|Luigi Lo Cascio in La Vita Che Vorrei|
I think that I love Italian movies because of Luigi Lo Cascio. I always tell people that I have a crush on him and it’s really not that. When I keep my eyes open for him in Rome it’s not because I’m a crazy stalker, it’s because I admire him so much and love his movies. He’s got the most expressive eyes of any actor I know, and I am just so truly smitten by the passion in his work.
The first movie I ever saw in a movie theater in Italy was his “La Vita Che Vorrei“, the story of two pretty flawed people who’ve used others all of their lives and thought only of themselves. They meet and fall in love, but only to the extent to which they are capable; it forces them to take a good hard look at themselves and acknowledge their selfishness. It’s one of my favorite movies, and Lo Cascio’s acting is outstanding, playing the soul searching asshole.

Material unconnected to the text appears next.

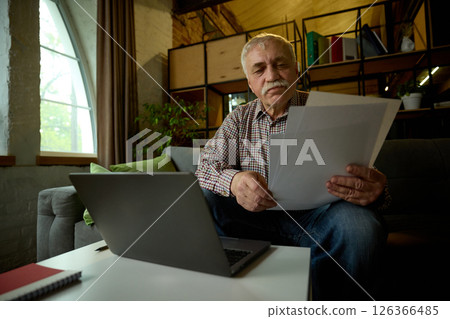 Focused elderly man with mustache sitting on sofa in modern living room, looking at papers, with laptop on table 126366485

He was born in Palermo, Sicily in 1967 and at first thought he wanted to be a psychiatrist like his uncle so he went to medical school, but there were actors in his family too and that part of him won out, luckily for us. Another uncle, actor Luigi Maria Burruano recommended him to director Marco Tullio Giordana for the lead role in “I Cento Passi”(The Hundred Steps). I Cento Passi is the story of Peppino Impastato, a political activist in the 70s who opposed the mafia when even the politicians were denying its existence, becoming a sort of martyr for the fight against it. Lo Cascio ended up winning the David di Donatello (Italian academy award) for this part.
Italian film critic Enrico Lancia said that of the young actors of the new Italian cinema Lo Cascio is the most prepared, serious, and aware and the least “divo” or fake of all them all. I’ve read that he’s very intense, and likes people that are unhappy more than happy people because, according to him, they are more genuine. He calls himself a bit of a drifter and says he loves hotels and airports.
He’s been in a dozen and a half movies over the last 11 years and I’ve seen them all more than once. You can find many of them in the US including “La Luce Dei Miei Occhi” (Light of my Eyes), “La Meglio Gioventù” (The Best of Youth), “La Bestia Nel Cuore” (Don’t Tell), and Spike Lee’s “Miracle at St. Anna“. His newest, “Noi Credevamo” (We Believed”, the story of Italy’s unification) will be out on DVD in Italy this month and I am just itching to see it.